Drawing Room wainscotText by Dr Mary Guyatt, former Director of Jane Austen's House
There are some souvenirs money can’t buy. A friend of my parents was terribly proud of a carved stone corbel he had ‘come upon’ in the masons’ yard of a Normandy cathedral. Someone with whom I shared a flat routinely ‘collected’ ashtrays and dinner plates from smart London restaurants and Cambridge colleges. And then there’s the interesting case of the late Professor John Halperin (1941-2018) who in September 1981 flew home to the United States with a small chunk of Jane Austen’s drawing-room wall tucked into his luggage.
While I have no idea what happened to the Norman corbel or my flatmate’s dishes, I am delighted to report that Professor Halperin’s acquisition was reunited with Jane Austen’s House, the property from whence it originated, in March 2019. Now encapsulated in a beautifully shiny acrylic block, the late professor evidently treasured his bit of Jane Austen’s wall and was careful to label it and list it among his valuables prior to his death.
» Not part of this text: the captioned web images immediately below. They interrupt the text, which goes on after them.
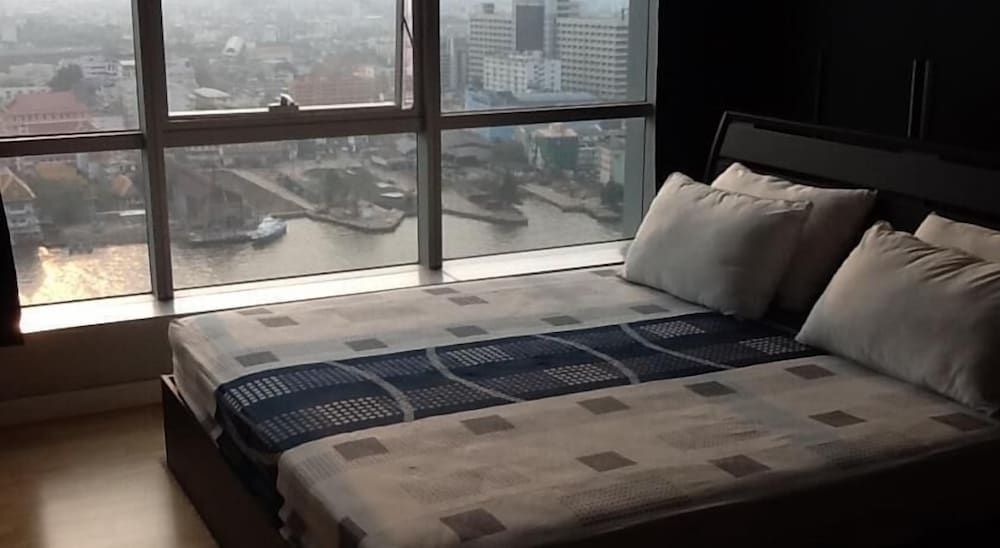 Baan Sathorn Riverfront Apartment, River View 4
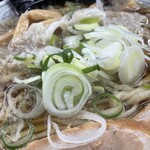 中華そば 雲ノ糸 - 『煮干し中華(太麺こってり)』のねぎ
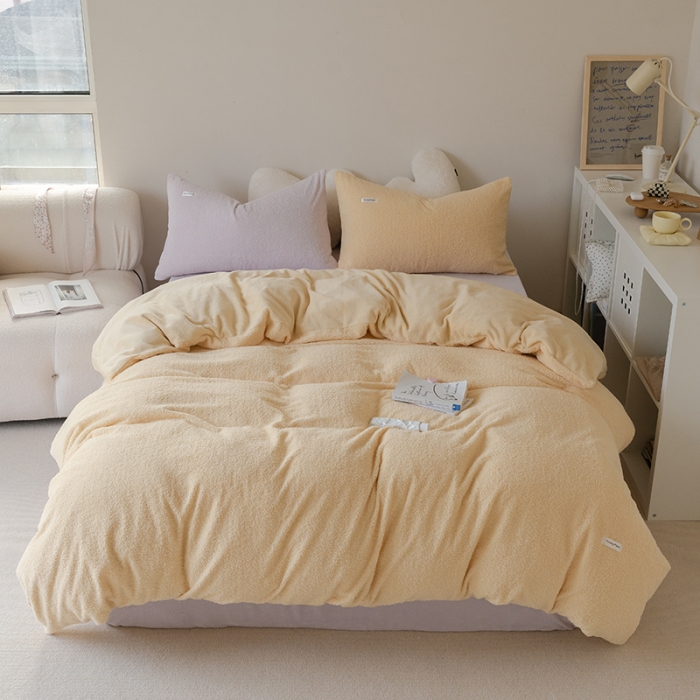 91家纺网 家纺一手货源 找家纺 洋铭区 2021新款ab版牛奶绒软糖绒四件套 夏日黄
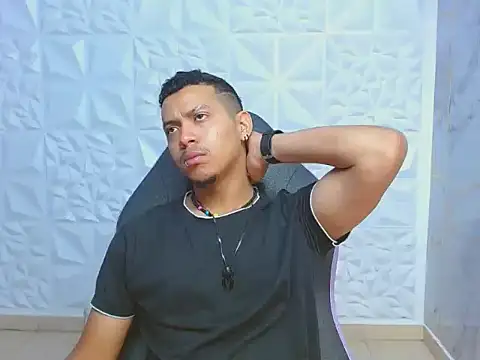 Snapshot of dylans_brown chatting on 02/26/26, 01:22 dylans brown online show from 02/26/26, 01:22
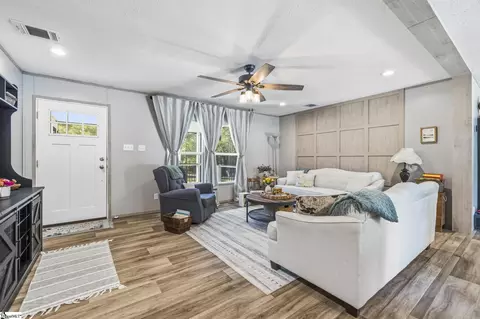 242 Mattie Campbell Rd, Honea Path, SC 29654 photo 5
To be clear, unlike my other examples Professor Halperin was no thief. He was a devoted biographer of Jane Austen and it was on this basis that the fragment was presented to him by Elizabeth Jenkins, a founding member of the Jane Austen Society in 1981. According to the professor’s own label it had come loose during the renovation works which took place early in the Museum’s history. The date was around 1950 and years before the new conservation sciences of plaster and paint analysis would make an institution the best home for such an object.
With the return of the fragment to Jane Austen’s House we see how many facets there are to Austen’s material culture and legacy. This humble fragment of the house – complete with animal hair and apparently thick with grease – has gently assumed the status of a relic; a precious, portable antiquity from the ‘shrine’ that is the author’s home.